It gets a bit iffy when accounting for mass, since we only have about 5.5 kg per m² remaining. Sufficient for lightweight supports (even without taking BT space magic armor into account), but for growth medium we'd likely be talking something like wet cotton or similar lightweight substrate rather than soil.

The_Caveman

  • Lieutenant
  • *
  • Posts: 1246
  • A Living Fossil
Re: Thought experiment... ultra long range travel
« Reply #37 on: 17 July 2019, 15:57:03 »
Fears about water damage from gardens are rather overblown IMO. For one, BT spacecraft don't spend much time in actual zero-g, even stationkeeping thrust is close to lunar gravity. Second, it's easier to manage liquids and particles in a microgravity environment than you'd think. You mostly need good ventilation and air currents will take care of the rest. BT spacecraft also aren't the jungles of exposed wiring and computer boards that our impossibly primitive present-day spacecraft are.

Considering you can get quite a bit more than two traditional harvests a year out of high-intensity hydroponics, you should accordingly need a lot less surface area as well, which helps beef up the density of the grow boxes. The Invader, with its two large domes, is probably devoting a lot more than 50 tons to its garden facilities anyway.

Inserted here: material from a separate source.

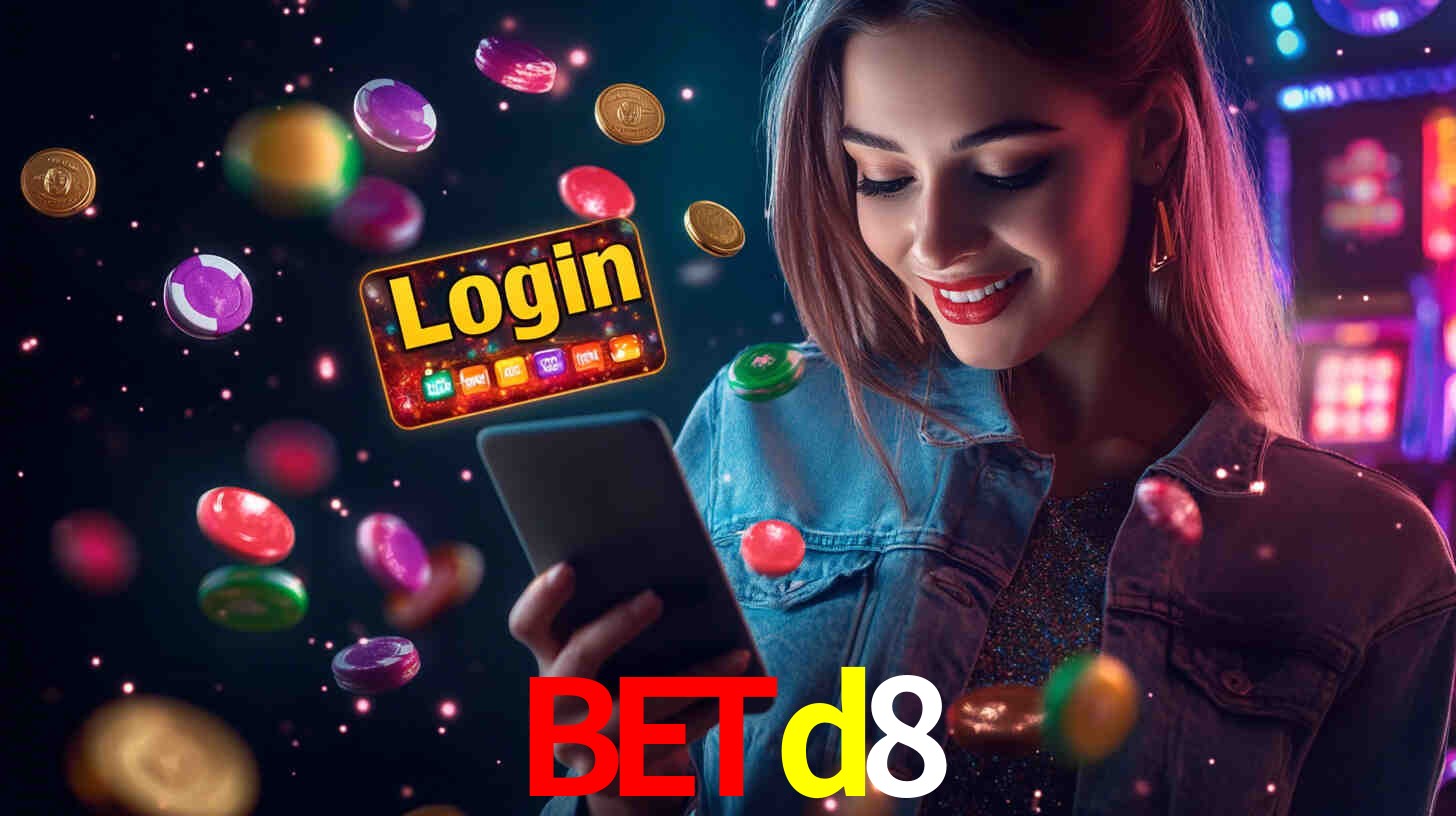 Jogo Spaceman betd8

They explicitly produce enough for a surplus to be sold to other ships.
Half the fun of BattleTech is the mental gymnastics required to scientifically rationalize design choices made decades ago entirely based on the Rule of Cool.

The other half is a first-turn AC/2 shot TAC to your gyro that causes your Atlas to fall and smash its own cockpit... wait, I said fun didn't I?

Maingunnery

  • Lieutenant Colonel
  • *
  • Posts: 7155
  • Pirates and C3 masters are on the hitlist
Re: Thought experiment... ultra long range travel
« Reply #38 on: 17 July 2019, 16:05:43 »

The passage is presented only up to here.